Imputation of Missing Data with Class Imbalance using Conditional Generative Adversarial Networks
This work is an incremental improvement for data scientists and researchers dealing with missing data in imbalanced datasets, offering a more accurate imputation method.
This paper addresses the problem of missing data imputation, particularly in datasets with class imbalance. The authors propose a new method, Conditional Generative Adversarial Imputation Network (CGAIN), which imputes missing data using class-specific distributions, achieving superior performance compared to state-of-the-art methods on benchmark datasets.
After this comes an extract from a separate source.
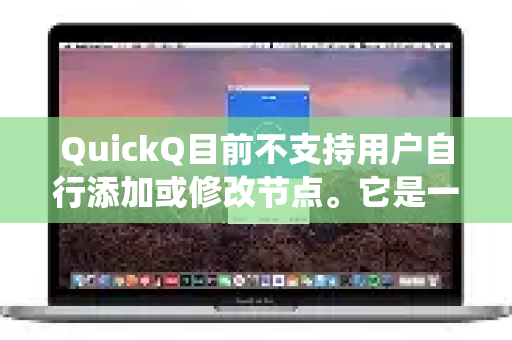 QuickQ目前不支持用户自行添加或修改节点。它是一款提供即用型代理服务的工具，其节点网络由官方统一维护和管理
Missing data is a common problem faced with real-world datasets. Imputation is a widely used technique to estimate the missing data. State-of-the-art imputation approaches, such as Generative Adversarial Imputation Nets (GAIN), model the distribution of observed data to approximate the missing values. Such an approach usually models a single distribution for the entire dataset, which overlooks the class-specific characteristics of the data. Class-specific characteristics are especially useful when there is a class imbalance. We propose a new method for imputing missing data based on its class-specific characteristics by adapting the popular Conditional Generative Adversarial Networks (CGAN). Our Conditional Generative Adversarial Imputation Network (CGAIN) imputes the missing data using class-specific distributions, which can produce the best estimates for the missing values. We tested our approach on benchmark datasets and achieved superior performance compared with the state-of-the-art and popular imputation approaches.